A Relação entre Zumbido e a Odontologia
Pesquisas em neurofisiologia auditiva têm evidenciado que a mandíbula e o ouvido compartilham vias nervosas comuns. Por essa razão, alterações na oclusão, bruxismo e tensões faciais podem gerar ou exacerbar o zumbido, condição denominada Zumbido Somatosensorial.
"A resposta do zumbido a estímulos mandibulares e cervicais demonstra que a gênese do sintoma envolve vias neurais comuns ao sistema trigeminal e ao auditivo."
Sinais de Alerta:
- Zumbido que aumenta ao mastigar alimentos duros;
- Alteração no som do zumbido ao virar o pescoço;
- Presença de dor na face, estalos na mandíbula ou dores de cabeça frequentes;
- Sensação de ouvido tampado (abafamento auditivo) sem causa aparente.
Como é feito o Tratamento?
A avaliação do componente somatossensorial do zumbido é realizada pela Dra.
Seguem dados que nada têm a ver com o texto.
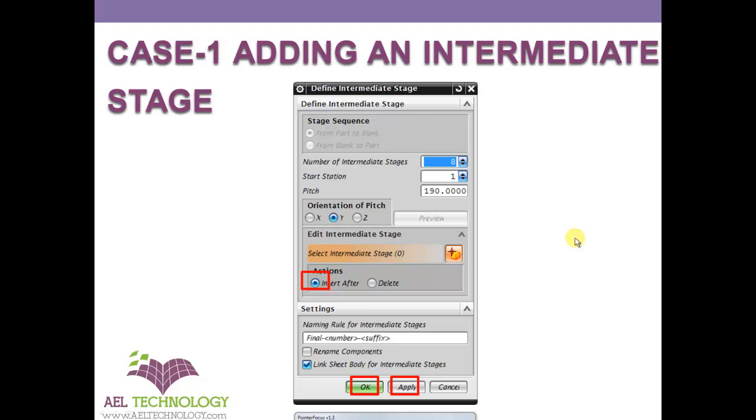Next is adding an intermediate stage. I just showed you how to add an intermediate stage in UG.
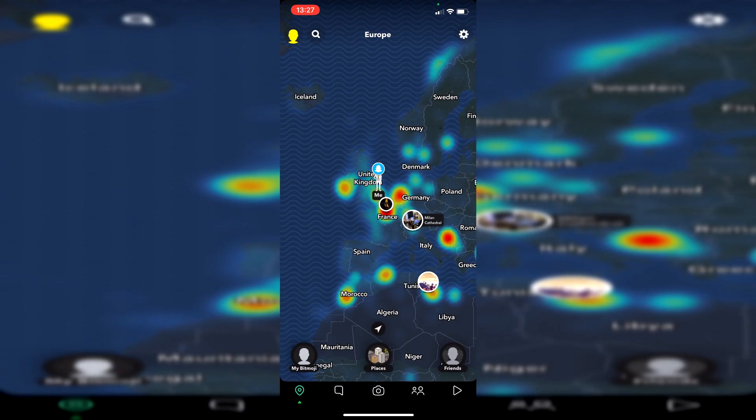To see your Snap Maps, all you need to do is go to the bottom left where you've got this location icon. Let's click on it, and as you can see, you can see me in the United Kingdom.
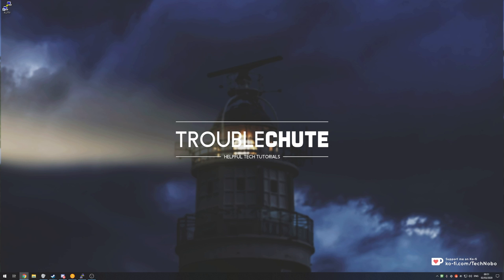What's up guys, my name is Technobo here for Troubleshoot and today I've got another video for you on the Google Cloud Compute platform.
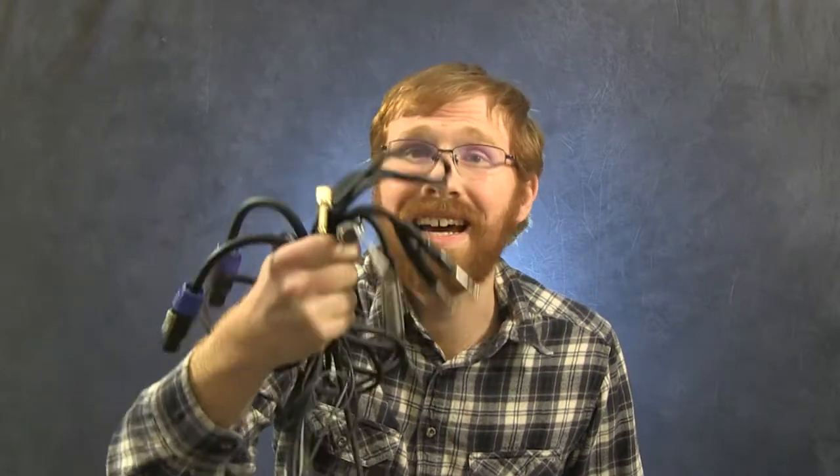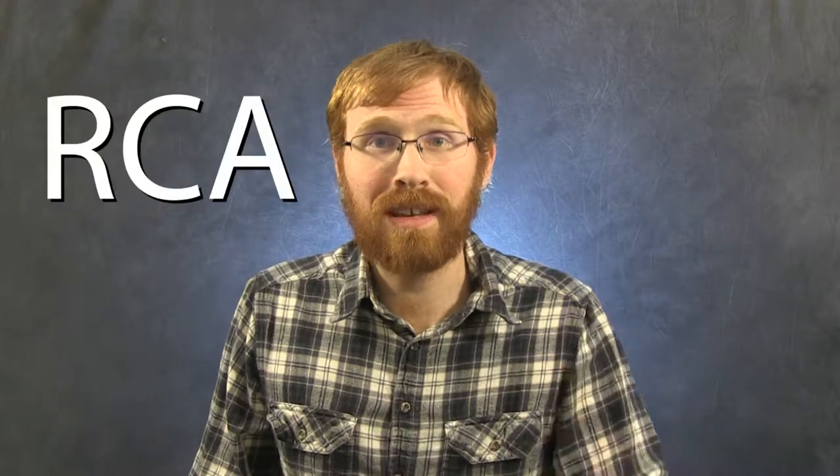Welcome to the series about why there are so many types of audio cables. This episode covers RCA cables, and why they're not just for those of us who remember VCRs.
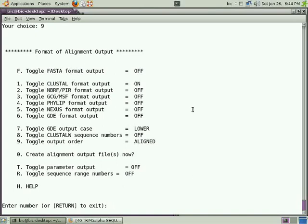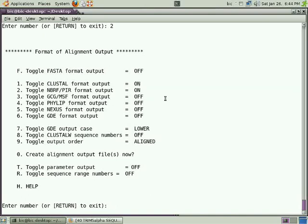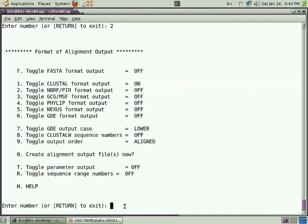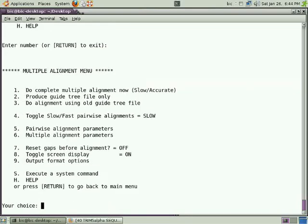For example, FASTA, ClustalW, PIR format, and other different formats. If I want PIR format, I should press 2 and press enter, so you may observe here PIR format is on. But I don't want that, I can again press 2 and turn it off. I want ClustalW format - that ALN format is often required as an output of MSA, so it's already there. We can return to our main options. Now everything is set.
Carolina Nunes Santos Barbosa, que atende em Brasília-DF, por meio de exame da ATM e da musculatura craniocervical.
A experiência clínica demonstra que cada caso apresenta nuances próprias. O plano pode contemplar o uso de placas miorrelaxantes para minimizar a tensão noturna, exercícios de fisioterapia orofacial, orientações posturais e ajustes comportamentais para reduzir padrões de apertamento dental.